## DATA FOR THE TASK
☆ ☆ ☆

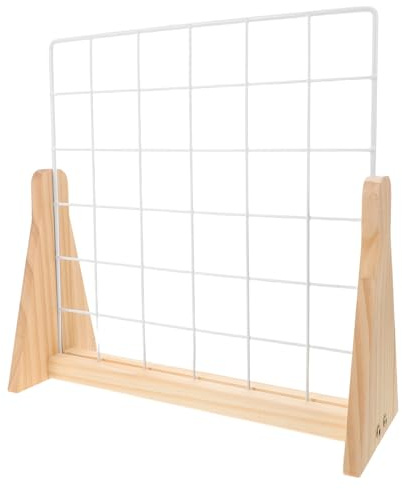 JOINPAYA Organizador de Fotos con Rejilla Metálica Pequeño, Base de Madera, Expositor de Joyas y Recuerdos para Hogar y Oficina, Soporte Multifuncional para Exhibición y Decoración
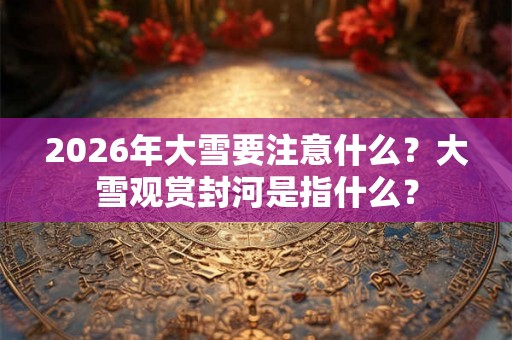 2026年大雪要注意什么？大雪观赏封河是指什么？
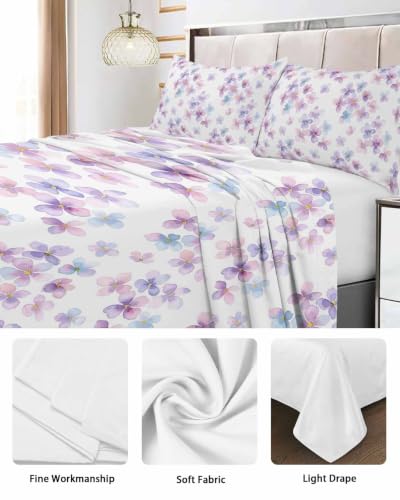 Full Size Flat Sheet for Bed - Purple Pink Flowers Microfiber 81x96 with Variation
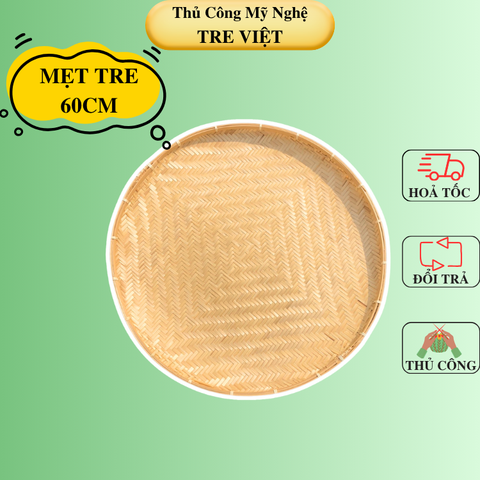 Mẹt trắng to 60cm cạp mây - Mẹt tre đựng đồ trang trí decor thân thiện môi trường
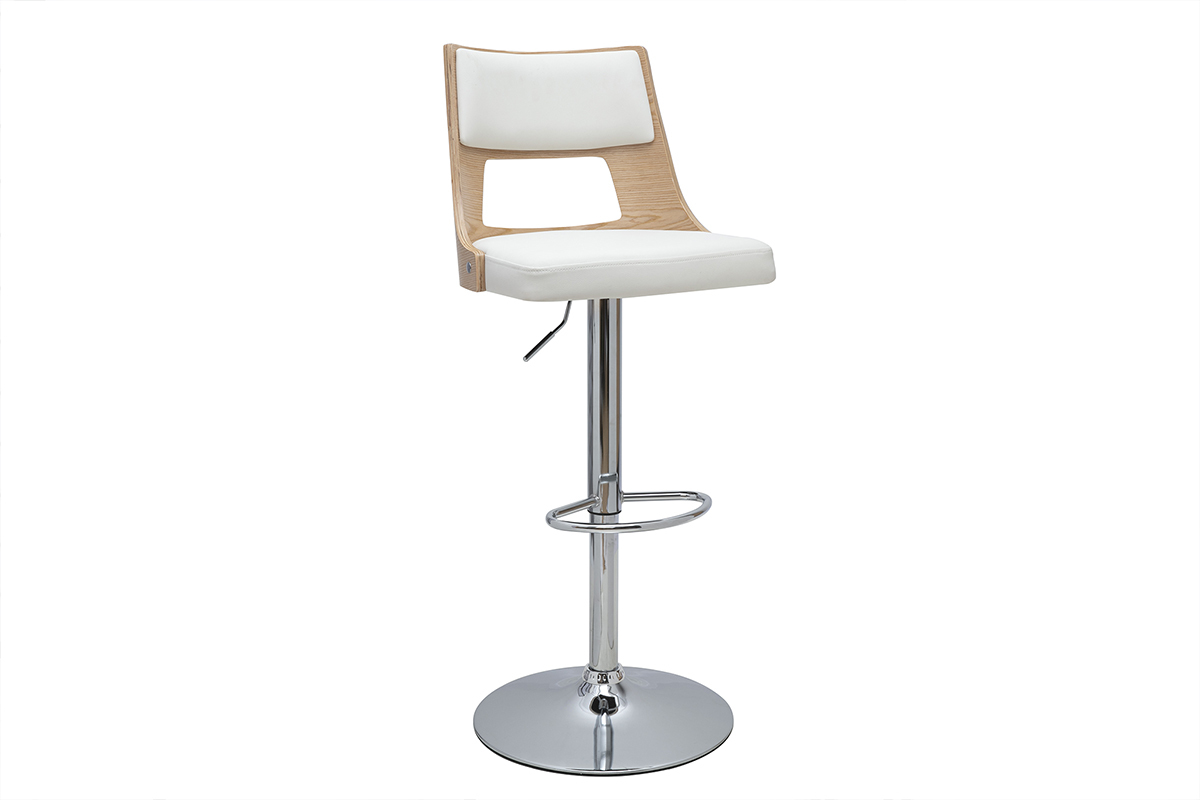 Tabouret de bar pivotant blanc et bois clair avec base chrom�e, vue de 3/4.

☆ ☆ ☆

## WHAT TO WORK ON
The material should be duplicated word for word, with no images included.

## RESULT FOR THIS EXERCISE
 JOINPAYA Organizador de Fotos con Rejilla Metálica Pequeño, Base de Madera, Expositor de Joyas y Recuerdos para Hogar y Oficina, Soporte Multifuncional para Exhibición y Decoración
 2026年大雪要注意什么？大雪观赏封河是指什么？
 Full Size Flat Sheet for Bed - Purple Pink Flowers Microfiber 81x96 with Variation
 Mẹt trắng to 60cm cạp mây - Mẹt tre đựng đồ trang trí decor thân thiện môi trường
 Tabouret de bar pivotant blanc et bois clair avec base chrom�e, vue de 3/4.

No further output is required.